A new study has found that the market for wearables continues to expand, but the conditions shaping the growth are changing.
Notably, according to the latest Global Wearables Market Outlook report from the UK-based Futuresource Consulting, smart glasses and smart rings are beginning to carry “real strategic weight.” Earlier this year, we wrote about the firm’s study on car audio listening.
Several of the smart glass wearables, for example, include built-in wireless audio, positioned as not just eyewear, but headphones and personal voice assistants.
Advances in on-device AI, sensor fusion and next-generation chip platforms are giving wearables more autonomy and more relevance throughout the day, according to the new study.
In all, the firm forecasts approximately 229 million shipments worldwide this year, a 5.1% increase from 2025.
Retail value is expected to increase at a 6% clip, resulting in a generation of $57 billion.
Smartwatches continue to hold the high ground, according to the report, with approximately 93 million shipped last year and further growth expected. Their position rests on a mix of health tracking, connectivity and ecosystem value, the report said, particularly in North America and Europe.
“What has changed is that the smartwatch category is no longer carrying the whole market on its own,” Futuresource said. Now, the wearables growth is being shared more widely, it said, and with that comes a more fragmented landscape.
Smart glasses shipments rose to approximately 6 million units in 2025, with Futuresource forecasting expansion through to 2030 as improvements in AI, voice control and component footprint size continue.
Meanwhile, smart rings reached about 4 million units in 2025 and are building traction through health tracking with relevance in sleep, stress and women’s health.
The report points to a wearables market increasingly shaped by “connected-device ecosystems,” where watches, glasses, rings and smartphones all work together as part of a broader digital environment.
But not every segment is keeping pace, the report said.

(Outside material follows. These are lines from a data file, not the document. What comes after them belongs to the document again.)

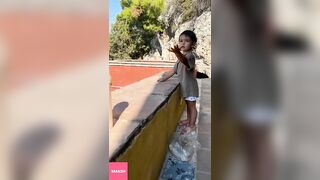 ROSA PERROTTA NUOVE INSTAGRAM STORIES!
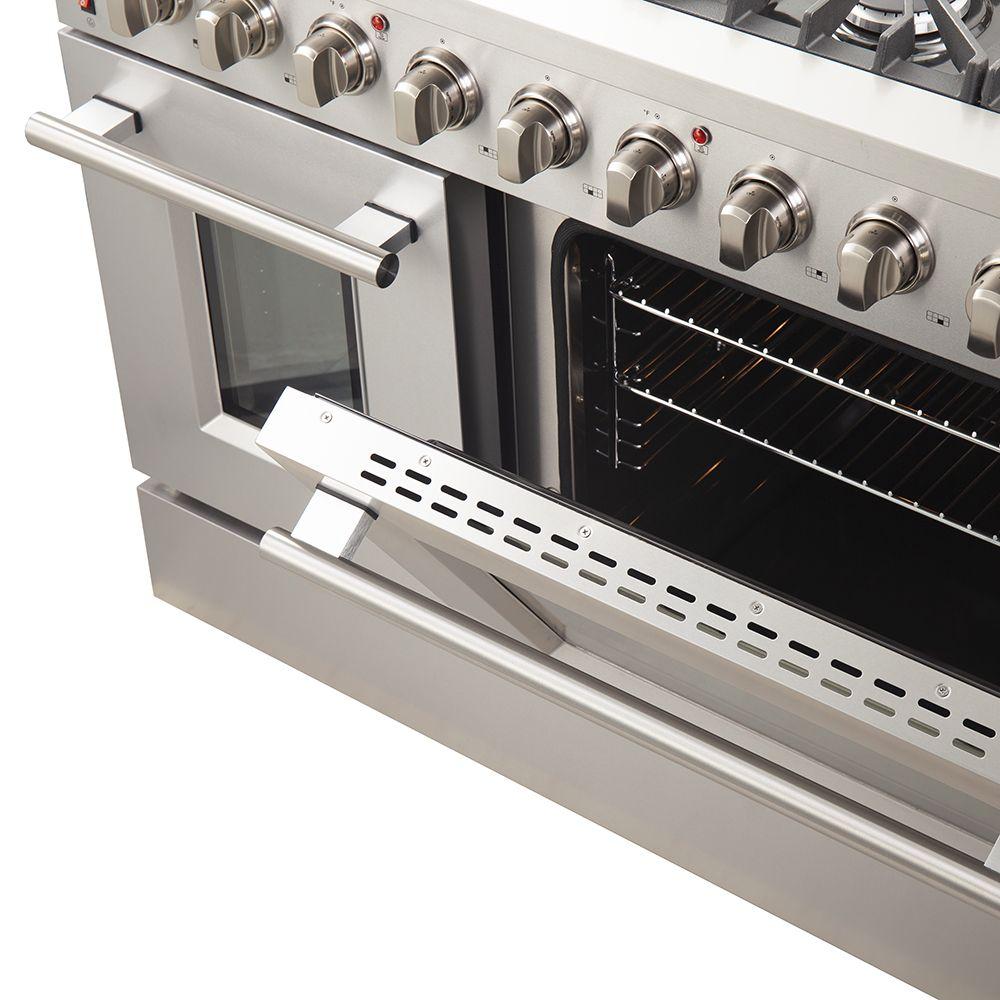 Forno FFSGS624448 Forno Galiano - 48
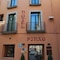 Hotel Pinxo - map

Activity trackers continue to contract, with Futuresource forecasting an 8.9% drop in volume CAGR through to 2030.
The decline is a clear signal, according to Futuresource, that simpler hardware is losing ground when it can’t justify its place “through richer features or stronger ecosystem relevance.”
Futuresource Consulting said it has operated for approximately 35 years as a market research and consultancy firm.